We used a baseline of 0.5 for the commercial fishing rate \(h_{\mathrm{H}}\); this value has been used in prior human–environment modeling work on coral reefs (Thampi et al. 2018) and is consistent with available data for reef fish harvesting (Nadon 2017; Lennox et al. 2019). We took the subsistence fishing rate \(\tilde{h}_{\mathrm{H}}\) to be 0.05, one tenth of the baseline commercial rate (Dalzell 1996). Unless we were simulating economic transitions or the effects of tourism subsidies (see below), we took \(c_{z}\) to be zero, indicating no external economic pressure in favor of fishing or tourism. We fit the other social parameters (\(\kappa \), \(k_{\mathrm{T}}\), \(k_{\mathrm{F}}\)) by simulating the system for different orders of magnitude of these parameters, and choosing values for which z converged to equilibrium at 0 or 1 after a plausible length of time following a shock. We ultimately took \(\kappa = k_{\mathrm{T}} = k_{\mathrm{F}} = 1\).

2.3 Numerical Methods

In order to investigate local dynamics and check when regime shifts are expected to take place, we simulated a one-patch version of the model while varying harvesting rate (\(h_{\mathrm{H}}\)) and nutrient loading rate (q). This allowed us to determine how the ability of overfishing to push coral reefs into a macroalgae-dominant regime is mediated by nutrient loading. For each run of the model, i.e., for each deterministic pair of values \(\left( h_{\mathrm{H}},q\right) \), we determined the post-transient average values of coral and macroalgae cover, as well as herbivorous fish abundance. We defined different regimes as discrete regions of parameter space (harvesting rate vs. nutrient loading rate) with qualitatively similar dynamics. We did not encounter bistability for any parameter values within the ranges that we tested, and therefore each regime corresponds to one specific set of long-term model behavior.

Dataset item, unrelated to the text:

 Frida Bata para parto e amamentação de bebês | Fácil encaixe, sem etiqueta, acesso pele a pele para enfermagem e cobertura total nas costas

To evaluate whether overfishing-driven habitat loss or fragmentation is more detrimental to coral and herbivorous fish, we simulated a network of 25 patches in which a fixed number of patches were heavily overfished (\(h_{\mathrm{H}} = 0.8\)) and the rest were fished at subsistence levels (\(h_{\mathrm{H}} = 0.05\)). We varied both the number of overfished patches (to test the effects of habitat loss) and their configuration (to test the effects of habitat fragmentation). Configurations that we used included one where all overfished patches formed a contiguous area in the middle of the simulated landscape, with large contiguous areas of non-overfished patches on either side, and several where overfished and non-overfished patches alternated in a repeating pattern. Each of these patterns involved taking specifying a certain number of patches to be overfished and taking the rest to be non-overfished, and spacing groups of overfished patches evenly throughout the system (where each group consisted of a fixed number of patches). For each run of the model, we took the average post-transient values of coral cover and herbivorous fish abundance across the landscape as a whole, in overfished patches and in non-overfished patches. This allowed us to easily separate the local and regional effects in each scenario. We also took different values of \(\sigma _{B}\) to control for the effects of nonlocal harvesting, using values of 0.25 (for a system in which fishing is almost entirely done locally) and 1 (for a system in which substantial amounts of harvesting takes place outside of fishing boats’ local patches).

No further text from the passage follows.